Some people may have heard of scareware and may have a basic idea of what it is. Most however will not know exactly what it is and how exactly it works to.
Scareware is a type of malware that pretends to be a real anti-virus program. It appears in a pop-up window on your browser, and is designed to look and feel like a Microsoft program, so as to fool the user into believing it. The pop-up will always show a large number of infections that need to be repaired, and will offer to do so. However, when you press ‘OK’ or any other button that agrees to let the program do its work, it instead installs the main scareware program on your computer.
In fact, even pressing the red ‘X’, or anywhere else in the window will install it. The only way to prevent it from being installed it to close the browser completely, and start an entirely new session when you reopen it.
Once you have the original scareware program installed on your computer, it will prevent you from doing anything that you normally would in order to fix an infection. If you have an out of date anti-virus program on the computer then the virus will be able to disable it.
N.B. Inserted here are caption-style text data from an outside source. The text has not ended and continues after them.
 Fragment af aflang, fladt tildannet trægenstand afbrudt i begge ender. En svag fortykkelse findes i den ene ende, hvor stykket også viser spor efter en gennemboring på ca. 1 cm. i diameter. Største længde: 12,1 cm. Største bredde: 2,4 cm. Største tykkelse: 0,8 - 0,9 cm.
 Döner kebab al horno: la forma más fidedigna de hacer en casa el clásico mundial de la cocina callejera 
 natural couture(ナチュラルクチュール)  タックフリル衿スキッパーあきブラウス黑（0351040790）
The scareware will also perform what is known as browser hijacking. A hijacked browser will often not go to the addresses that the user inputs to the URL bar. The browser instead redirects the user to only pages that the scareware allows them to see. This means that when the user runs a search for how to remove the scareware, or searches for an anti-virus program, all that they are able to see is more malware or other rogue programs designed to look legitimate.
When they download and install something to try and clear the infection, they end up installing more malware. If the scareware demands that the user pay a fee in order to remove the viruses, and the fee is paid, the viruses will remain and the scareware will continue to lock up the system.
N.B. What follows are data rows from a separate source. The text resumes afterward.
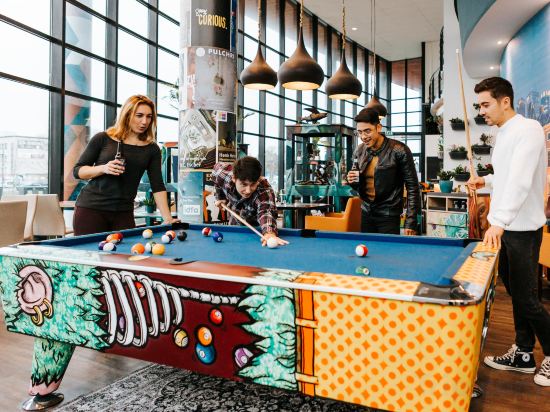 Фото The Hague Teleport Hotel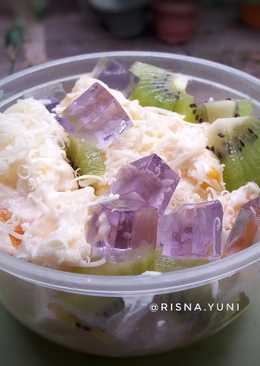 Salad buah saus yoghurt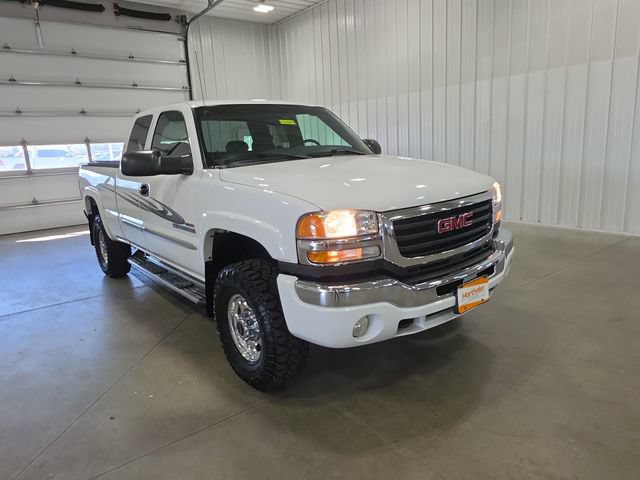 Used 2003 GMC Sierra 2500 SLE w/ Snow Plow Prep Package AWD/4WD image 2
A program called MalwareBytes is the best and most certain way to rid your machine of these malware programs. Unfortunately, if you have two or more malware programs on the machine there is a chance that they may be able to prevent you from running MalwareBytes. In this case, the only way to make it run is to stop the malware service running.
You can do this through the control panel or search box, by searching for ‘services’. You then select the local services on your computer, and scroll until you find the suspicious service. Please note that stopping a service can crash your computer, so you need to be careful to stop the right one-leave anything that looks familiar. Once the rogue processes are stopped, MalwareBytes can be successfully installed.
Scareware can be tricky to remove from a computer. It can be done, but ultimately the best offense is a good defense. Installing one of the many paid anti-virus suites such as Norton, or the free ones such as Microsoft Security Essentials and then keeping them up to date is the best way to protect your computer. Beyond this-don’t click links that you can’t trust 100% and never trust a pop-up that tells you that you have a virus!